---------- Records to process ----------

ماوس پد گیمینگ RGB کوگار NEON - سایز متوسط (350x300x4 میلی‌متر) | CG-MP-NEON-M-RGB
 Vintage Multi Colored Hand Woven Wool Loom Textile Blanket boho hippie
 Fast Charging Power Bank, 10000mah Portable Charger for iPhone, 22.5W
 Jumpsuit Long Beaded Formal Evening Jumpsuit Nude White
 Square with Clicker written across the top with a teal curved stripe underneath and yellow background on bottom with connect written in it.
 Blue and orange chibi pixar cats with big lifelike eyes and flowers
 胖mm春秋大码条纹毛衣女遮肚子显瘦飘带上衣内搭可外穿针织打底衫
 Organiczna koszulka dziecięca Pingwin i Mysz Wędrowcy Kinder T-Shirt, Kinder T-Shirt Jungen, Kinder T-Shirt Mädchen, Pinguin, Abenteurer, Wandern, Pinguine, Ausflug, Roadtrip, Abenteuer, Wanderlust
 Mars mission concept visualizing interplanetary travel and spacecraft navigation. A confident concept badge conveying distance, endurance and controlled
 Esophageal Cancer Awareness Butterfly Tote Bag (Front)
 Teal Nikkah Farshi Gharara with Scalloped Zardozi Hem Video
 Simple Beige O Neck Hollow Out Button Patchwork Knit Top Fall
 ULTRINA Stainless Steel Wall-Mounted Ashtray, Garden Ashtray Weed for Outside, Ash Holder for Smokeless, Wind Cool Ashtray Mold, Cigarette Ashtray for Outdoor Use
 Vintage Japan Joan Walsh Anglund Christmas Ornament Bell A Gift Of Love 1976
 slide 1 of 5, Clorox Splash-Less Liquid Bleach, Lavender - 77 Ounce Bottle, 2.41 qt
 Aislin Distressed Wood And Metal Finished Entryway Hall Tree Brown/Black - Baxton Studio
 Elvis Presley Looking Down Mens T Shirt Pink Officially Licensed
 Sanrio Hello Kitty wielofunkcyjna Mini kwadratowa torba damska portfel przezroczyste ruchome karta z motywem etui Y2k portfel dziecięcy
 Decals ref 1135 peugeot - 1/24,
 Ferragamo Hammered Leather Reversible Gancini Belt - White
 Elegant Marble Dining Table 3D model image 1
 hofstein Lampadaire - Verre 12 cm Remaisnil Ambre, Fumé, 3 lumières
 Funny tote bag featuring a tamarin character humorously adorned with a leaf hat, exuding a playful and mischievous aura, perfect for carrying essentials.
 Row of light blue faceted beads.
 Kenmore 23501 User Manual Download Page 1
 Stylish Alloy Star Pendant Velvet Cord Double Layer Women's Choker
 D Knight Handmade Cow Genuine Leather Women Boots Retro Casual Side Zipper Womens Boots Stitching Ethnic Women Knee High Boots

----------

Work request:
Count how many lines in the data contain the word "Vintage". Reply with that number only.

Solved problem:
2